## ACTION ITEM
Without copying the images, write out all the entries below verbatim.
START PROVIDED DATA
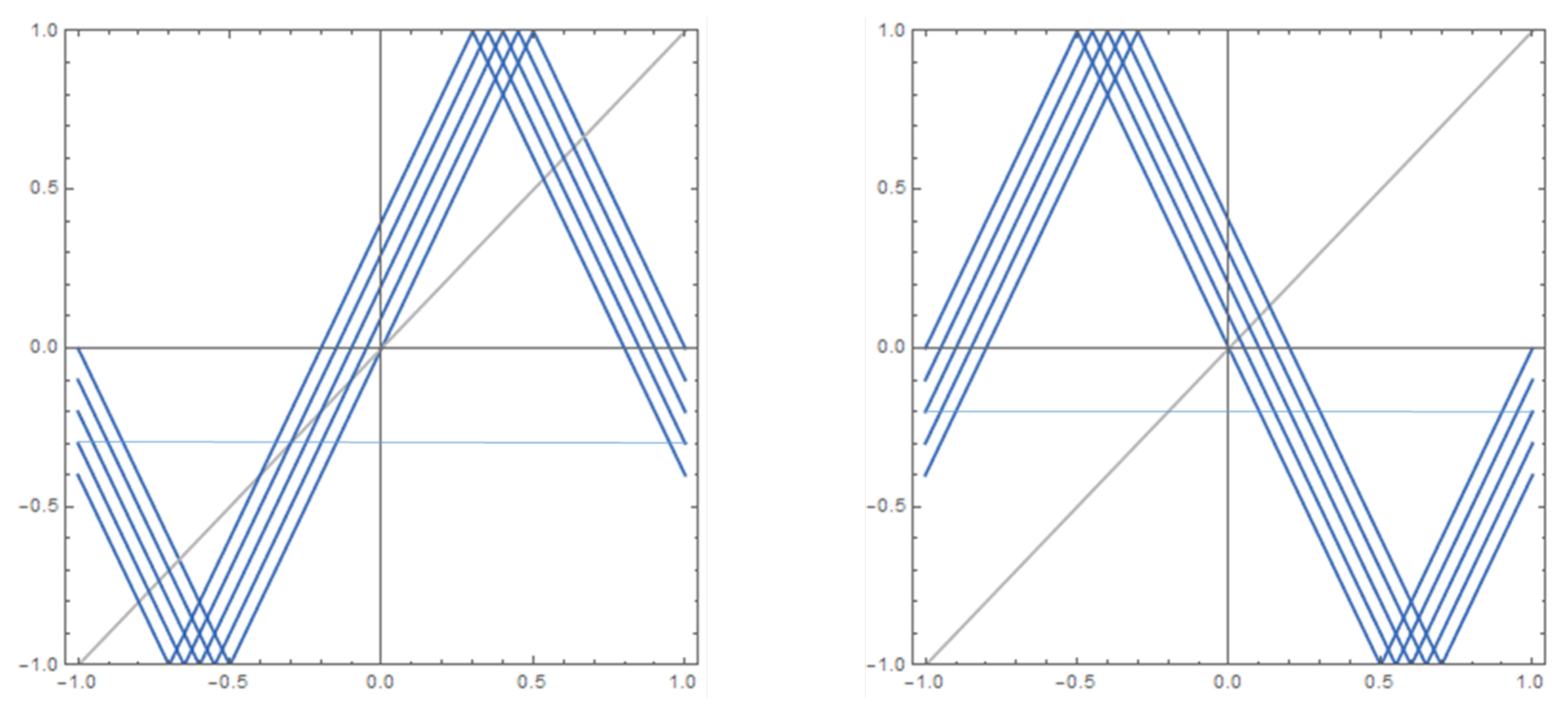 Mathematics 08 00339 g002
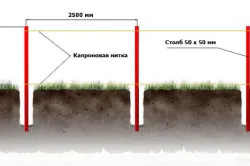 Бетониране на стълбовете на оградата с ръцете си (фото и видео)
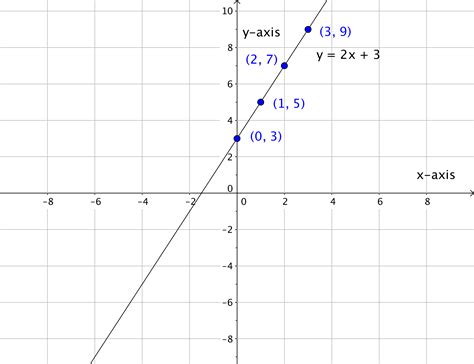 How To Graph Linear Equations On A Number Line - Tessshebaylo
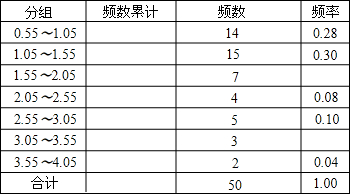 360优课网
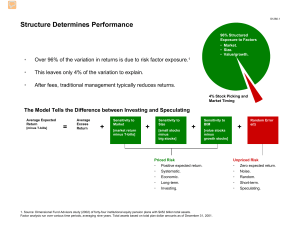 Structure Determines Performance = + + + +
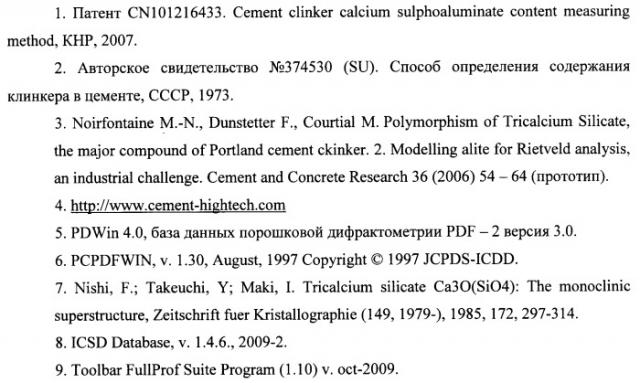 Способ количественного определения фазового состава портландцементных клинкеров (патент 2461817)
END PROVIDED DATA
## ANSWER SPACE
 Mathematics 08 00339 g002
 Бетониране на стълбовете на оградата с ръцете си (фото и видео)
 How To Graph Linear Equations On A Number Line - Tessshebaylo
 360优课网
 Structure Determines Performance = + + + +
 Способ количественного определения фазового состава портландцементных клинкеров (патент 2461817)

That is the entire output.